The Feynman diagram calculations, which are a graphical representation of the perturbation theory approximation, invoke "force mediating particles", and when applied to analyze high-energy scattering experiments are in reasonable agreement with the data. However, perturbation theory (and with it the concept of a "force-mediating particle") fails in other situations. These include low-energy quantum chromodynamics, bound states, and solitons. The interactions between all the particles described by the Standard Model are summarized by the diagrams on the right of this section.

The Higgs particle is a massive scalar elementary particle theorized by Peter Higgs (and others) in 1964, when he showed that Goldstone's 1962 theorem (generic continuous symmetry, which is spontaneously broken) provides a third polarisation of a massive vector field. Hence, Goldstone's original scalar doublet, the massive spin-zero particle, was proposed as the Higgs boson, and is a key building block in the Standard Model.^[44] It has no intrinsic spin, and for that reason is classified as a boson with spin-0.^[34]

The Higgs boson plays a unique role in the Standard Model, by explaining why the other elementary particles, except the photon and gluon, are massive. In particular, the Higgs boson explains why the photon has no mass, while the W and Z bosons are very heavy. Elementary-particle masses and the differences between electromagnetism (mediated by the photon) and the weak force (mediated by the W and Z bosons) are critical to many aspects of the structure of microscopic (and hence macroscopic) matter.

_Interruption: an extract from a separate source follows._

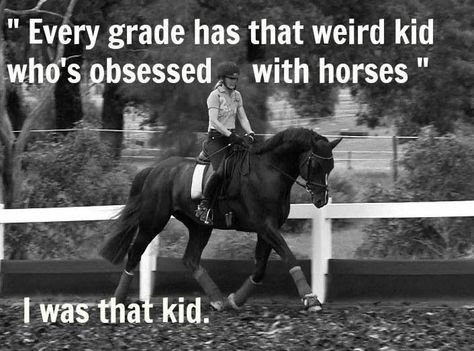 Horse Boyfriend Quotes by @quotesgram Equestrian Memes, Horse Riding School, Funny Horse Memes, Horse Quotes Funny, Horse Jokes, Inspirational Horse Quotes, Horse Riding Quotes, Equestrian Quotes, Riding Quotes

In electroweak theory, the Higgs boson generates the masses of the leptons (electron, muon, and tau) and quarks. As the Higgs boson is massive, it must interact with itself.

Because the Higgs boson is a very massive particle and also decays almost immediately when created, only a very high-energy particle accelerator can observe and record it. Experiments to confirm and determine the nature of the Higgs boson using the Large Hadron Collider (LHC) at CERN began in early 2010 and were performed at Fermilab's Tevatron until its closure in late 2011. Mathematical consistency of the Standard Model requires that any mechanism capable of generating the masses of elementary particles must become visible^{[clarification needed]} at energies above 1.4 TeV;^[45] therefore, the LHC (designed to collide two 7 TeV proton beams) was built to answer the question of whether the Higgs boson actually exists.^[46]

On 4 July 2012, two of the experiments at the LHC (ATLAS and CMS) both reported independently that they had found a new particle with a mass of about 125 GeV/c² (about 133 proton masses, on the order of 10⁻²⁵ kg), which is "consistent with the Higgs boson".^[47][48] On 13 March 2013, it was confirmed to be the searched-for Higgs boson.^[49][50]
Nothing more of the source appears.